The word “village” threw me off. Driving down the road into our first homestay in a rural Tibetan nomadic community, I was immediately struck by the mere emptiness–the simplicity. The landscape was sparse: grassy hills under a cloudy blue sky. The homes? There were only four, the exact number to house our group, spread out with great distance in between. Not a tree in sight. Fields of grazing yaks filled the landscape. And that was it.
Still, we came here to partake in a different way of life, so we jumped right in. With a small group of three others, I stepped into a small, mudbrick home, guided only by our Tibetan host mother, with whom we didn’t share a language.
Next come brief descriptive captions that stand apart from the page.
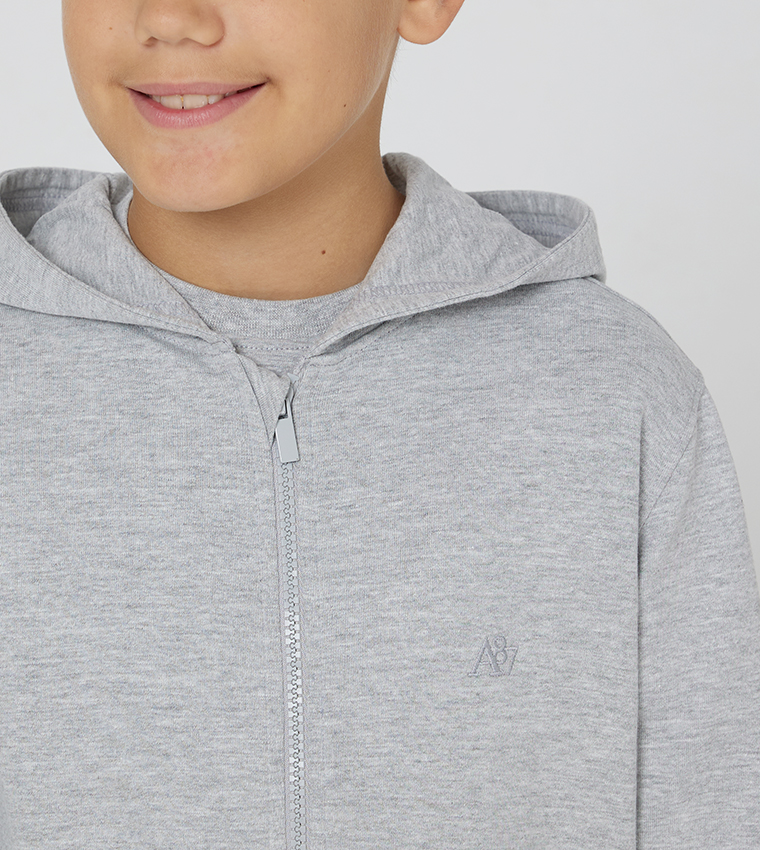 Aero Boys Zippered Hooded Jacket
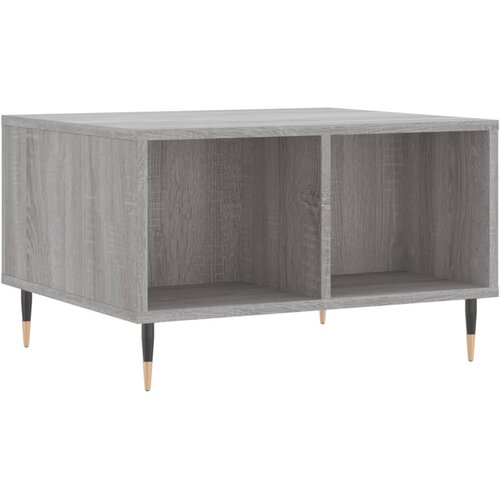 Maison Chic Klubska mizica - kavna mizica - Nizka mizica siva sonoma 60x50x36,5 cm inženirski les, (21752933) Slike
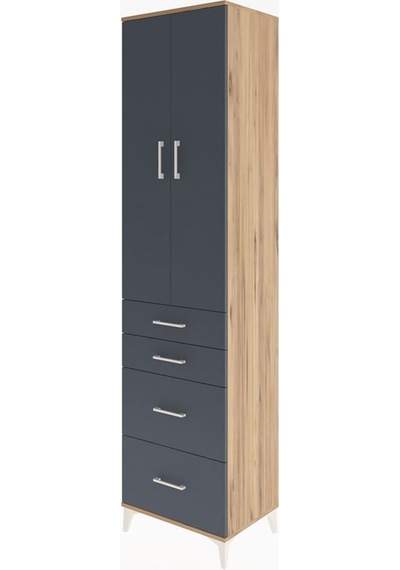 Hyperion Dolap 4 Raflı 4 Çekmeceli 2 Kapaklı 60x44x243 Çam-antrasit Atlas Çam Hyperion Dolap 4 Raflı 4 Çekmeceli 2 Kapaklı 60x44x243 Çam-antrasit Atlas Çam
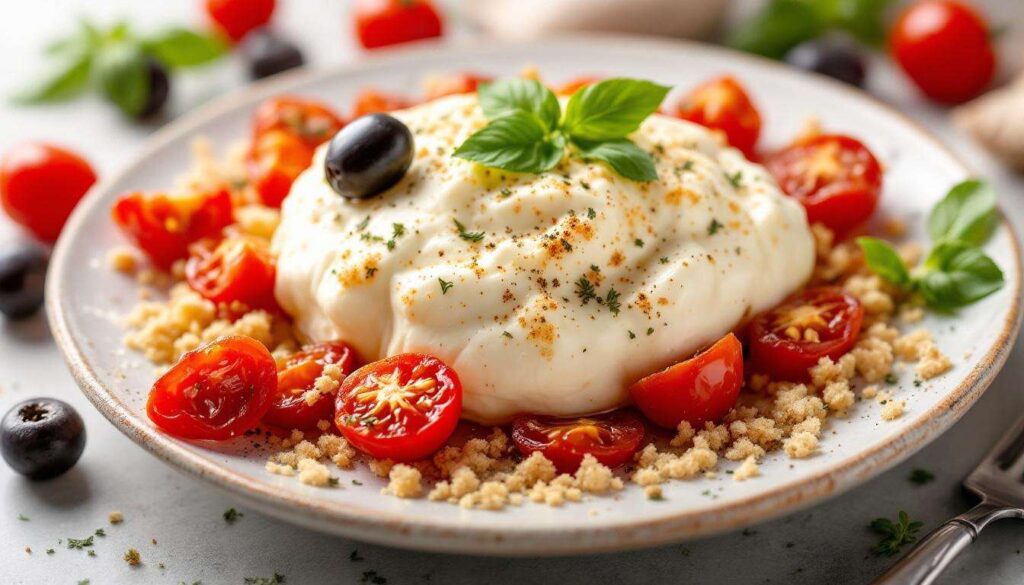 Ricotta in friggitrice ad aria ricetta cottura airfryer con pomodorini olive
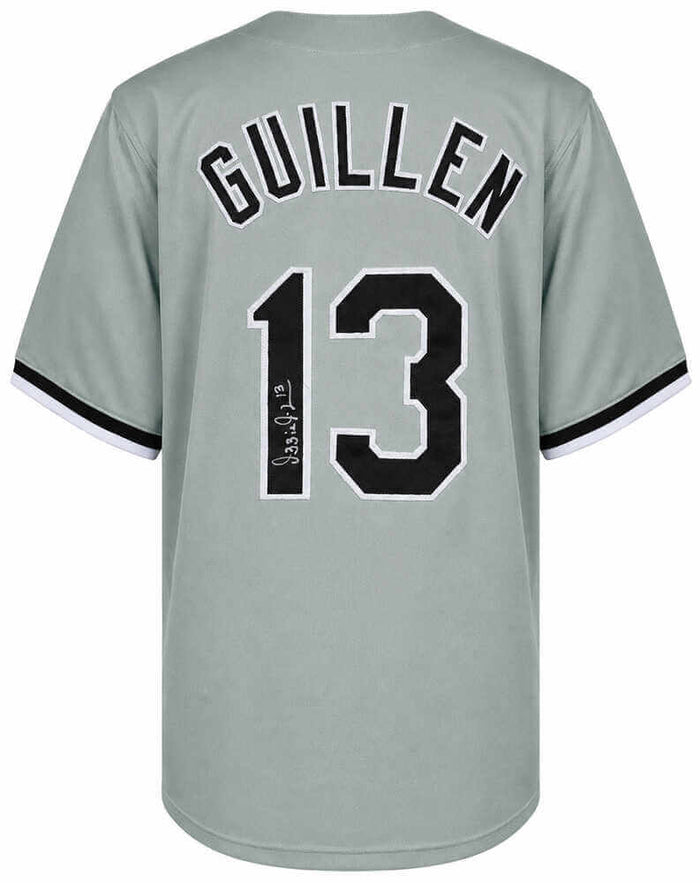 Ozzie Guillen Autographed Gray Custom Baseball Jersey-Powers Sports Memorabilia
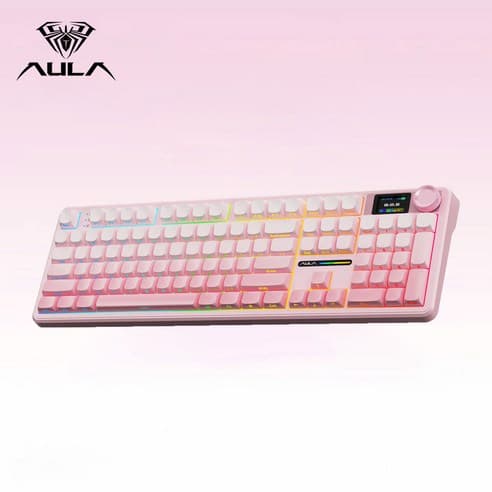 AULA 독거미 F108 pro 저소음 솜사탕축 기계식키보드 삼성 현대카드 (49,900원 / 무료배송)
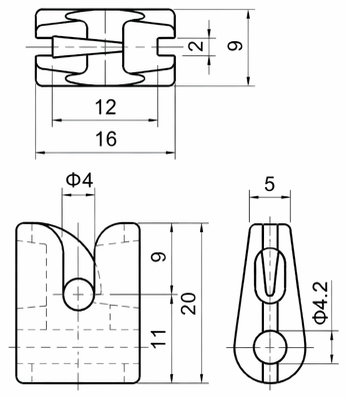 Technical drawing and dimensions for TSP 83018-00
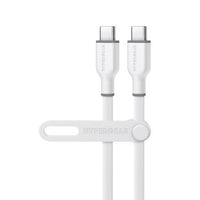 HyperGear Charge & Sync PD USB-C to USB-C Flexi Pro Cable 10ft PD up to 60W Fast Charge 480Mbps High Speed - Soft Touch Silicone - White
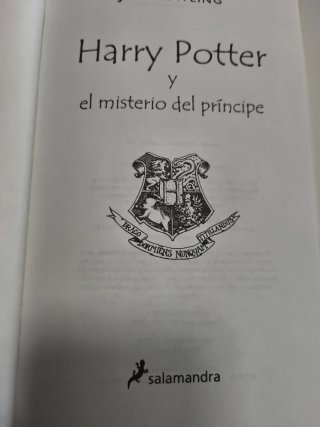 Harry Potter y el misterio del príncipe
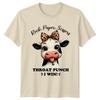 Rock Paper Scissors Throat Punch I Win! Sarcastic Cow T-Shirt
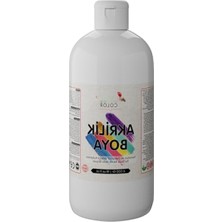 Mythriva Beyaz Akrilik Boya, 500 gr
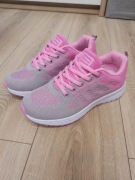 Buty dziewczęce sportowe lekkie oddychające 35 wkładka 22,3 cm sneakersy
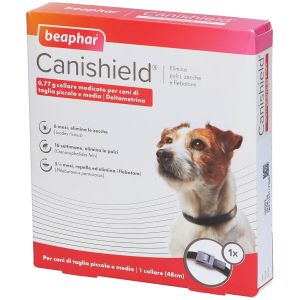 Canishield 1 Collare Medicato 19g  48 Cm  Cani Taglia Piccola Media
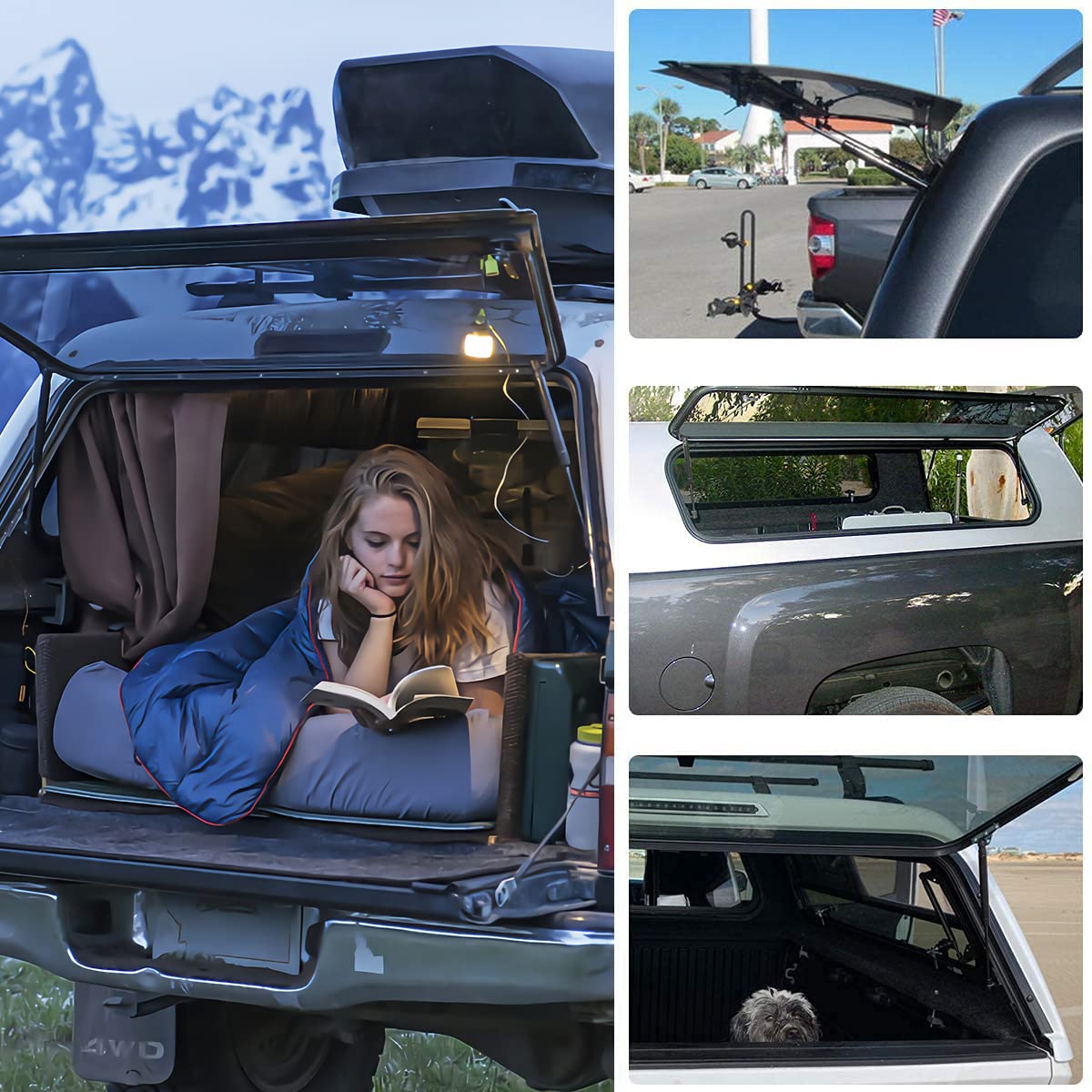 C1610176 14 Inch 35Lbs/156N Gas Shocks Struts Lift Support For Leer Camper Shell Truck Topper Rear Window, Pickup Toolbox Lid Door, Set Of 2 Vepagoo.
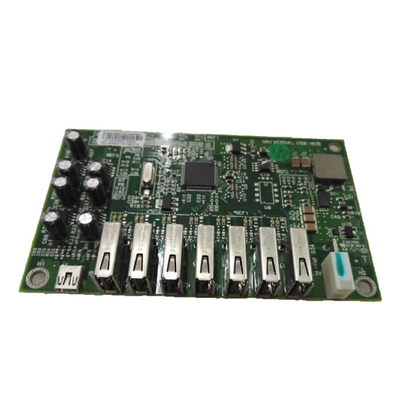 Suku Cadang Mesin ATM NCR Swalayan Kartu Kredit Universal Skimmer 7 Port USB HUB Peralatan Keuangan
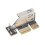 PCI‑E X1 Extension Cable Black ABS for Computer Accessories 6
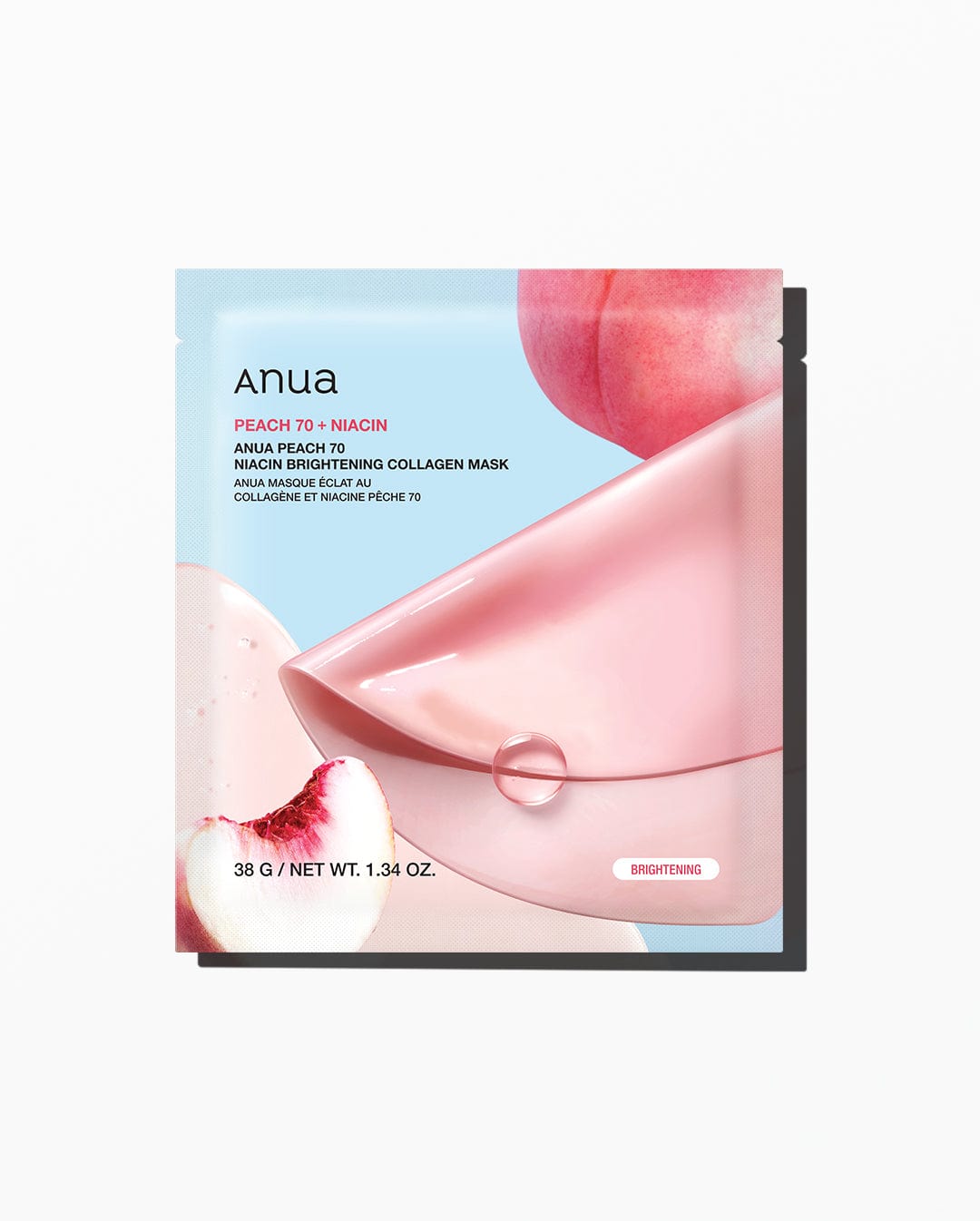 Anua - Peach 70 Niacin Brightening Collagen Mask (38g) (1ea)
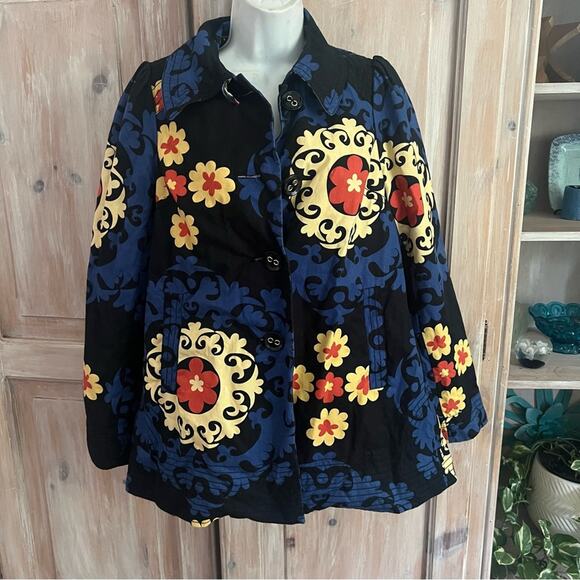 Bica Cheia Anthropologie Flower Jacket Women’s 4 - Picture 2 of 9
Here, we didn’t focus on discussion questions or group dynamics. Instead, we sat nervously, sipping our hot yak milk around the stove, hoping not to accidentally offend our gracious host. Of course our stay began with simplicity, given our lack of shared norms or relationships.
As the days went on, the lifestyle became routine: early morning was yak herding; then breakfast; then out to the yard to shovel yak poop for fuel; some days we did laundry in a bucket of warm water; other days we made coils of dried grass to absorb water in the roads; then we came in to chop ingredients and make our lunch. As our lives became routine, our relationships did too. We would laugh together with our host mom. She would motion for us to eat more, and we would rave about how tasty the food was, as we rubbed our bellies to show that we were full. We laughed as she joined in on silly songs or handshakes. She laughed as we tried to pronounce Tibetan words, howling with her whole body whenever I said the word for “beard” while gesturing to my face. The language barrier was no longer a barrier, as we talked to each other constantly with expession and gesturing, without ever the necessity for a precise understanding.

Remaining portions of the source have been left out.